▶ _Exercise requirements_:
The records below are to be restated word for word, with their images omitted.

Image-text web data:
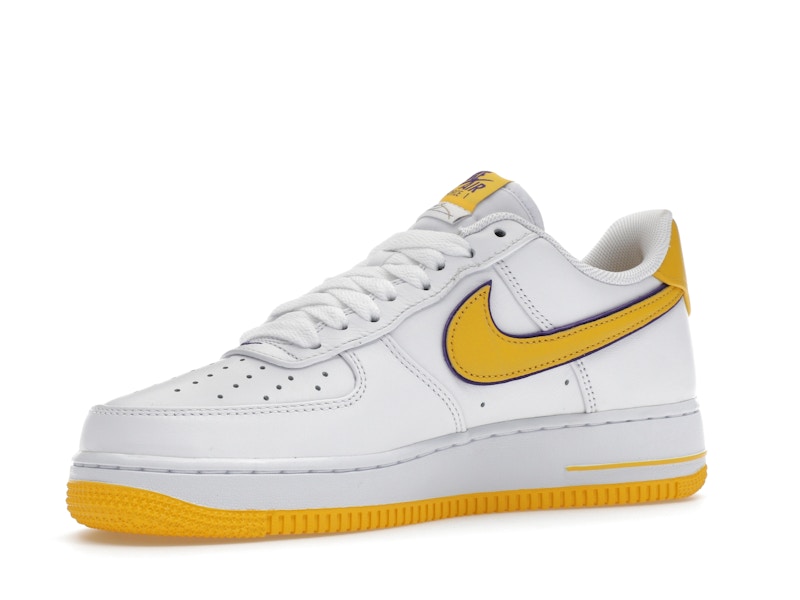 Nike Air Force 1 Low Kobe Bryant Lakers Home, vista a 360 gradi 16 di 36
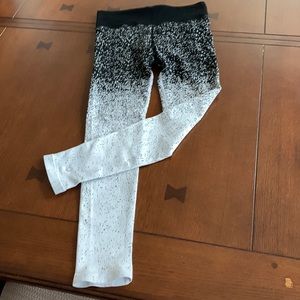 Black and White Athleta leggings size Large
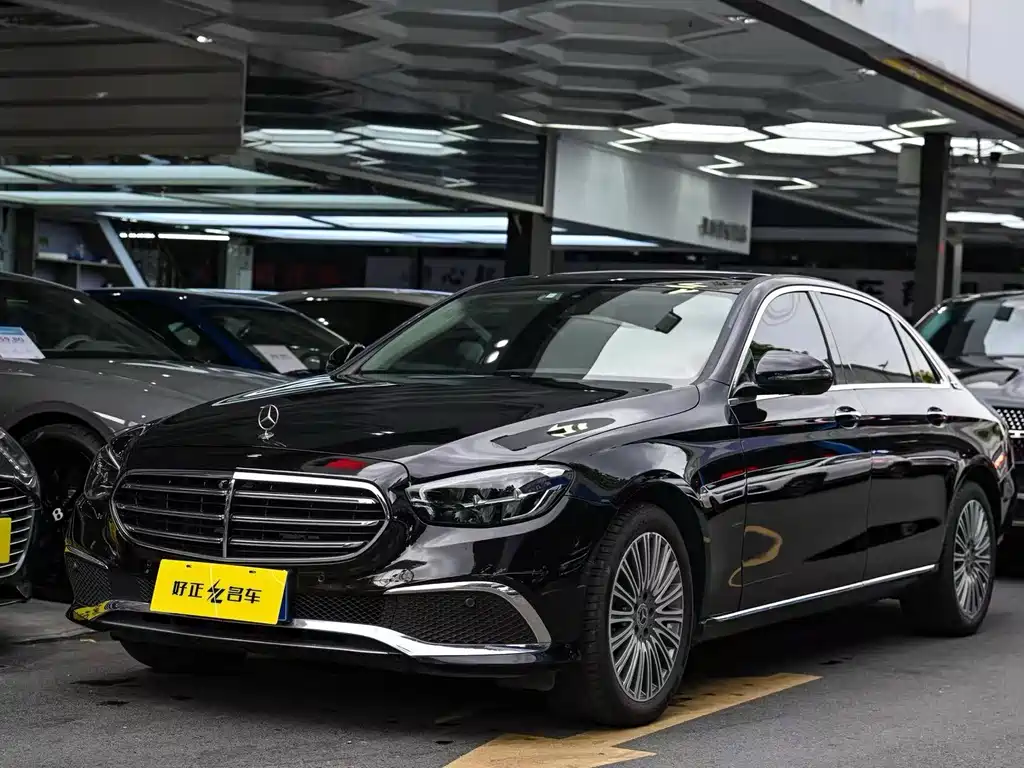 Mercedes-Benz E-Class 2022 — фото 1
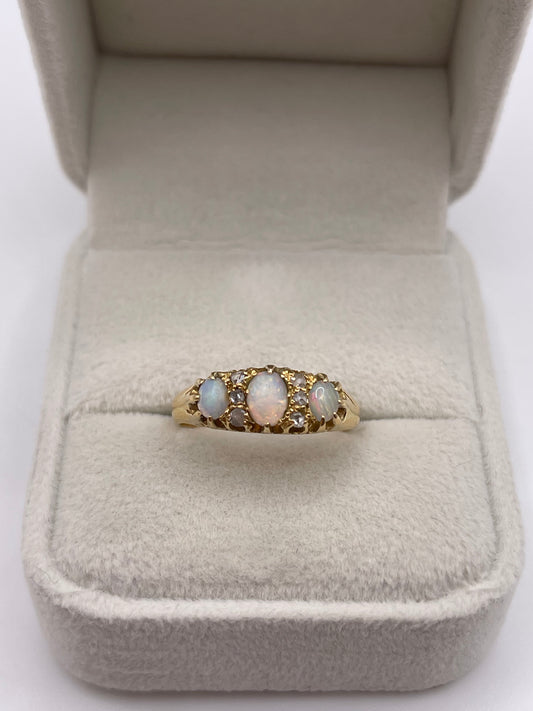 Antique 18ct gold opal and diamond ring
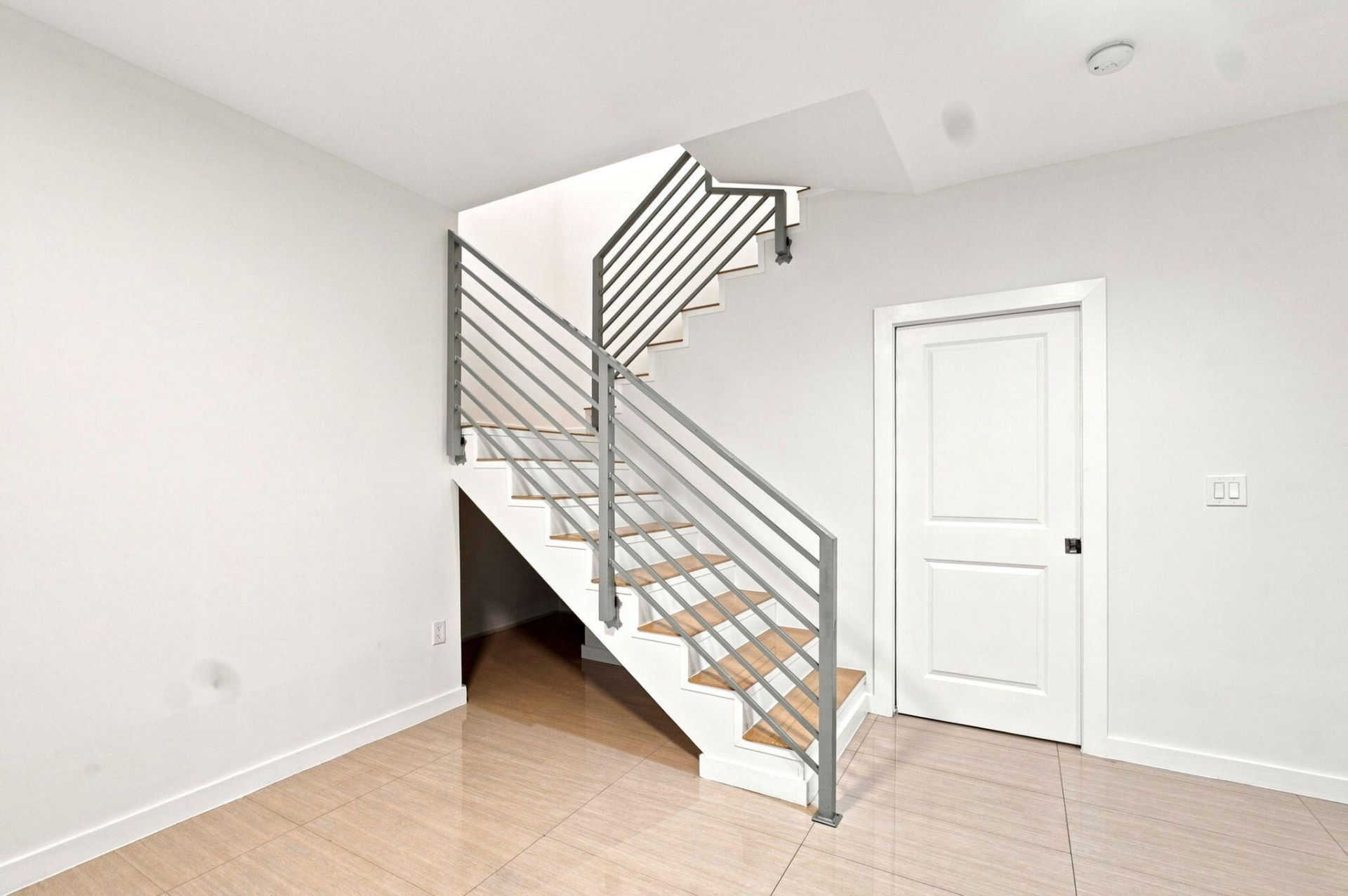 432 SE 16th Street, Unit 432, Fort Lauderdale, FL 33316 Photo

▶ _Your solution_:
 Nike Air Force 1 Low Kobe Bryant Lakers Home, vista a 360 gradi 16 di 36
 Black and White Athleta leggings size Large
 Mercedes-Benz E-Class 2022 — фото 1
 Antique 18ct gold opal and diamond ring
 432 SE 16th Street, Unit 432, Fort Lauderdale, FL 33316 Photo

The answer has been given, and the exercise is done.